Véronique (André Messager)

Représentation du 21 janvier 2008

Théâtre du Châtelet

Hélène de Solanges (Véronique) Amel Brahim-Djelloul
Florestan de Valaincourt Dietrich Henschel
Agathe Coquenard Ingrid Perruche
Gaston Coquenard Laurent Alvaro
Ermerance de Champ d'Azur Doris Lamprecht
Séraphin Sébastien Guèze
Loustot Gilles Ragon
Tante Benoît Catherine Hosmalin

Direction musicale Jean-Christophe Spinosi
Mise en scène Fanny Ardant                                                  
Ingrid Perruche (Agathe)

A première vue, l’histoire de Véronique n’est que banale. Une jeune fille découvre que son futur époux aime la femme d’un fleuriste. Seulement, endetté jusqu’au cou, Florestan se résigne au mariage de raison.

Tout le premier acte chez le fleuriste Coquenard met en place l’intrigue, sorte de défilé de personnages surexcités,  comédiens dans la comédie, finalement à l’image d’un milieu mondain léger et en perpétuelle représentation.

D’emblée, Fanny Ardant ne se pose aucune limite, les personnages les plus excentriques se pavanent avec une débauche de costumes et de couleurs, le spectateur en a plein la vue et se demande tout de même combien de temps cela va durer ! 

Heureusement, les deux parties suivantes réservent de très beaux moments de vérité que ce soit le duo entre Florestan et Véronique ou bien la complainte d’Ermerance considérant sa réelle solitude.

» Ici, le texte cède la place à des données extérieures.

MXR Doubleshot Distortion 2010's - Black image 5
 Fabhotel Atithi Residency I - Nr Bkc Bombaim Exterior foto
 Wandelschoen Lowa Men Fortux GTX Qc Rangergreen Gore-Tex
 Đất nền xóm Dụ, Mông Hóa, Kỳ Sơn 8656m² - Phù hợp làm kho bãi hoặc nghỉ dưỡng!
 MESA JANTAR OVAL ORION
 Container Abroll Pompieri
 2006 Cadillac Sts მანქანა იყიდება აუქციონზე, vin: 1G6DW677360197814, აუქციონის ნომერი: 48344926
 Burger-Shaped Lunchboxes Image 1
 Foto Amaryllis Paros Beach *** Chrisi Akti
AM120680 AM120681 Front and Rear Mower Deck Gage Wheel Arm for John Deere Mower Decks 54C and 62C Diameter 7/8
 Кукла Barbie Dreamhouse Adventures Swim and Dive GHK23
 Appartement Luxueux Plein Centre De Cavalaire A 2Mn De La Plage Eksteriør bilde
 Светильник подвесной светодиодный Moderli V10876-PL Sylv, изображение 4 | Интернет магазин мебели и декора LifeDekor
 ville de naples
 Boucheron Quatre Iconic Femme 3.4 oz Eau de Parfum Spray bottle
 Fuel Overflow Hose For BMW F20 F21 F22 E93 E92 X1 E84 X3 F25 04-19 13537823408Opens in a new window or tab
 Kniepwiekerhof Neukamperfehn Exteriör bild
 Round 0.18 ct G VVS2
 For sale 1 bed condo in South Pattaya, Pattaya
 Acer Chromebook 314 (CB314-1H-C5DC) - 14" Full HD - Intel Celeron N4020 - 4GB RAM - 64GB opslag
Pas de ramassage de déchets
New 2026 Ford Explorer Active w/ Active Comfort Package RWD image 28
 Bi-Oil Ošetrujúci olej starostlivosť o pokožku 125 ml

Et tout cela sans que le sérieux ne prenne le dessus. 

Visuellement, le deuxième acte à Romainville est le plus réussi si l’on considère la fusion impeccable entre la vidéo illustrant les paysages de campagne, et les décors et lumières de la scène. 

La mise en valeur de la vie dans tous les tableaux de cette œuvre ( plein de choses se passent dans les vidéos) est également une constante qui ne surprend guère chez une femme aussi passionnée que Fanny Ardant.

                                                            Amel Brahim-Djelloul (Véronique) et Dietrich Henschel (Florestan)

Bien que la dynamique musicale ne soit particulièrement pas accentuée au premier acte, la direction de Jean-Christophe Spinosi se fond très bien dans l’ensemble.

Tous les artistes sont excellents acteurs. Laurent Alvaro est nettement le plus sonore, Dietrich Henschel exprime les plus beaux sentiments, Doris Lamprecht nous réjouit de sa drôlerie, Ingrid Perruche s’amuse sans complexes, et Amel Brahim-Djelloul évoque tant l’espièglerie d’Audrey Hepburn qu’elle achève de faire de cet Opéra Comique une transposition vivante et très élégante des comédies américaines des années 50-60.

Sans doute n'est-ce qu'un hasard si Fanny Ardant resitue l'histoire en 1953, qui est aussi l'année où l'actrice d'Hollywood reçut son premier Oscar.